* [Your instructions]
Nothing but the lines below from the one with "BCOZZY Neck Brace" through the one with "A damaged document" should be output, each exactly as given, and no pictures.

* [Exercise data]
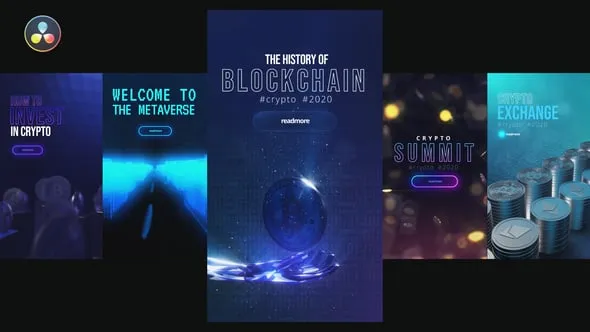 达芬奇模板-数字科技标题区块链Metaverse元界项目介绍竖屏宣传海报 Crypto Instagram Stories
---
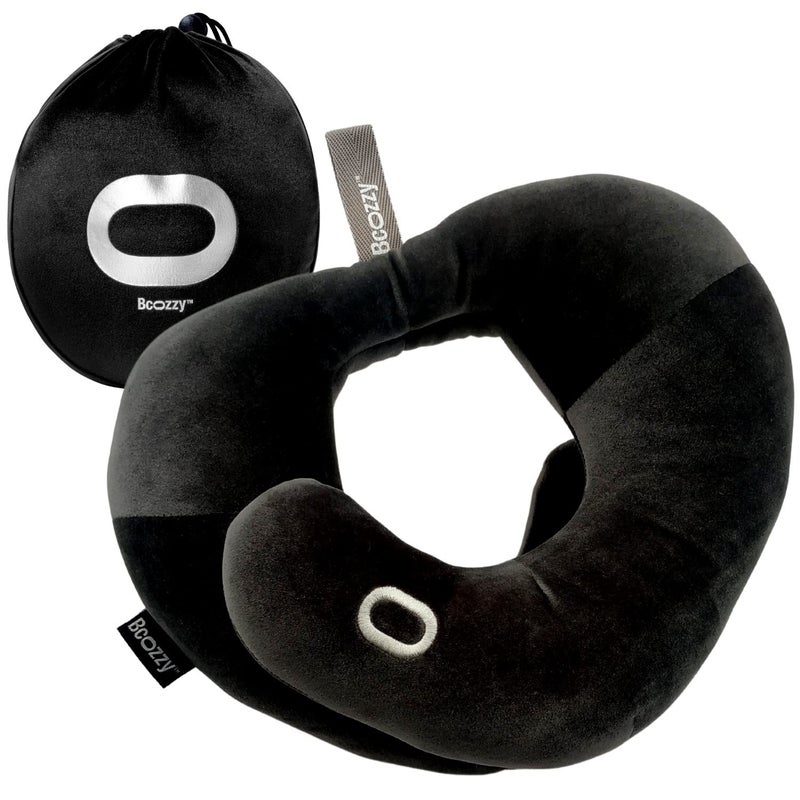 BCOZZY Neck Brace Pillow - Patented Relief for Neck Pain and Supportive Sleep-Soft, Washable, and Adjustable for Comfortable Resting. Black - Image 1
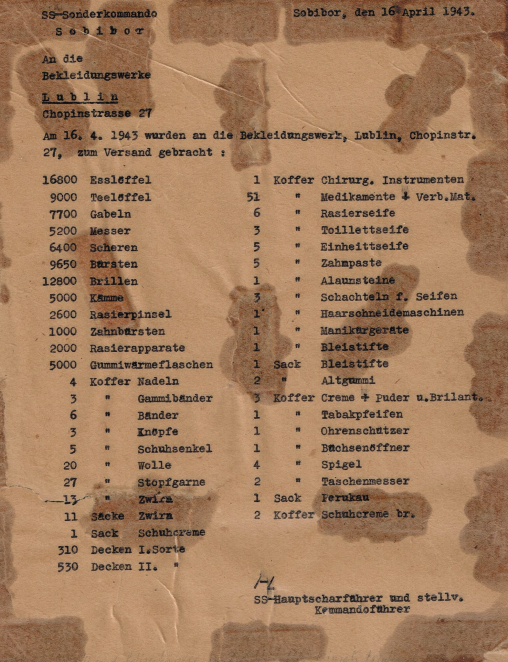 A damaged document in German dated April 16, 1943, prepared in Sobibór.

* [Output for this exercise]
 BCOZZY Neck Brace Pillow - Patented Relief for Neck Pain and Supportive Sleep-Soft, Washable, and Adjustable for Comfortable Resting. Black - Image 1
 A damaged document in German dated April 16, 1943, prepared in Sobibór.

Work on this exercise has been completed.